● GIVEN MATERIAL:
=-=-=

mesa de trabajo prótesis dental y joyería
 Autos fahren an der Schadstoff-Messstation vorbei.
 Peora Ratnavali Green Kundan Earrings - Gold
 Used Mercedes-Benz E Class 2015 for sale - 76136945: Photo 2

=-=-=

Everything from the line containing "Autos fahren an" through the last line of the listing must be reproduced exactly, and no other line.

 Autos fahren an der Schadstoff-Messstation vorbei.
 Peora Ratnavali Green Kundan Earrings - Gold
 Used Mercedes-Benz E Class 2015 for sale - 76136945: Photo 2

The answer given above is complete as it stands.